Contrairement à ce que pourrait suggérer le terme « guidelines », ces directives ont bel et bien force de loi. Me Yousuf Ali Azaree, avocat spécialiste de ces questions, dissipe toute ambiguïté : « Sous l’article 52 du Financial Crimes Commission Act 2023, toutes les personnes morales à Maurice, sociétés, partenariats, trusts ou fondations, ont l’obligation légale de mettre en place des procédures adéquates pour prévenir les crimes financiers. »
Pour se mettre en règle, les organisations doivent structurer leurs procédures internes autour de cinq principes essentiels, détaille Me Yousuf Ali Azaree : engagement de la direction pour garantir la responsabilité et la supervision ; évaluation des risques afin d’identifier les vulnérabilités potentielles ; mesures de contrôle adaptées pour limiter ces risques ; revue et suivi réguliers des procédures mises en place ; formation et communication continues pour impliquer l’ensemble du personnel.
« Ce cadre vise à donner aux organisations une feuille de route claire pour démontrer leur sérieux et se protéger en cas d’enquête », indique l’avocat. Car c’est bien là l’enjeu : en cas de poursuite, une entreprise devra prouver qu’elle avait mis en place des « procédures adéquates ». « Montrer des preuves concrètes de conformité – formations régulières, politiques de communication, contrôles internes, suivi et application systématique – peut permettre d’éviter les sanctions ou de se défendre efficacement », souligne Me Yousuf Ali Azaree.
Ces directives constituent le standard officiel que la FCC utilisera pour juger de la conformité d’une organisation. « Ne pas suivre les guidelines expose à des pénalités administratives et prive une entreprise de la possibilité d’invoquer la défense de ‘procédures adéquates’ en cas de poursuite », précise l’avocat. En clair : ignorer ces obligations revient à se priver de toute défense juridique en cas d’enquête.
« Le défaut de conformité constitue une infraction pénale et peut entraîner une amende allant jusqu’à Rs 20 millions », poursuit l’avocat. Le dispositif de sanctions est, en effet, gradué. Une entité qui néglige ses obligations s’expose à une amende mensuelle de Rs 10 000 jusqu’à correction de la non-conformité, avec un plafond fixé à un million de roupies. Mais en cas de condamnation pour défaut de procédures adéquates, l’amende peut grimper jusqu’à Rs 20 millions.

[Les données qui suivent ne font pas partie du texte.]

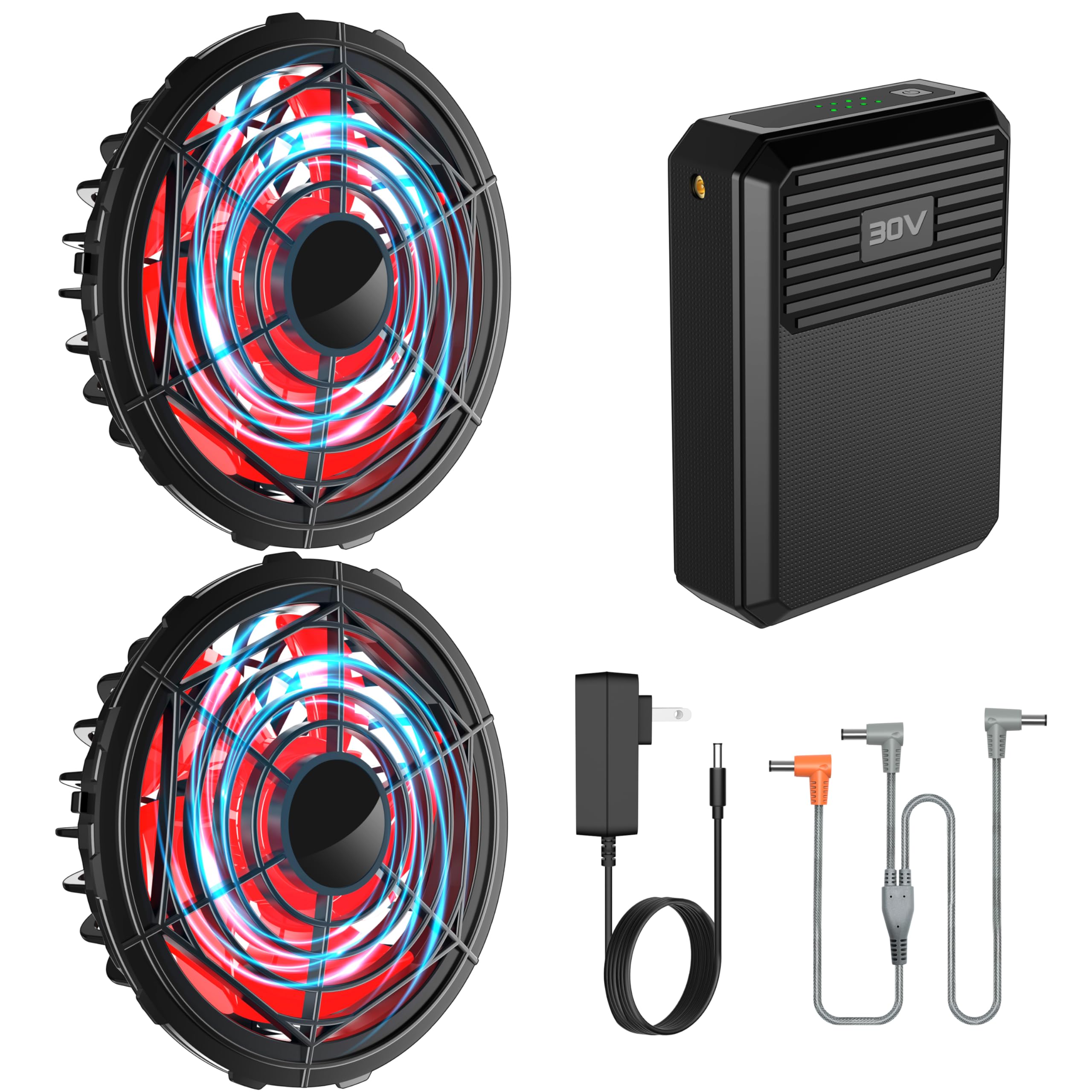 Amazon.co.jp: 空調作業服 ファンバッテリーセット 最新30V超高出力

Un filet qui ratisse large
Le champ d’application des directives est volontairement exhaustif. « En réalité, toute organisation, qu’elle soit incorporée ou non, qui mène des activités à Maurice est soumise à ces règles », souligne Me Yousuf Ali Azaree. Au-delà des acteurs économiques classiques, ce sont donc aussi les associations à but non lucratif, les fondations philanthropiques ou encore les coopératives qui doivent se conformer au nouveau cadre.
La question des contrats en cours se pose naturellement. L’avocat tempère : « Les guidelines peuvent s’appliquer aux relations existantes, mais pas de manière rétroactive au point de les invalider. Les entités doivent simplement revoir et ajuster leurs relations contractuelles pour assurer leur conformité à l’avenir. » Une période d’adaptation s’ouvre donc, mais le compte à rebours est lancé.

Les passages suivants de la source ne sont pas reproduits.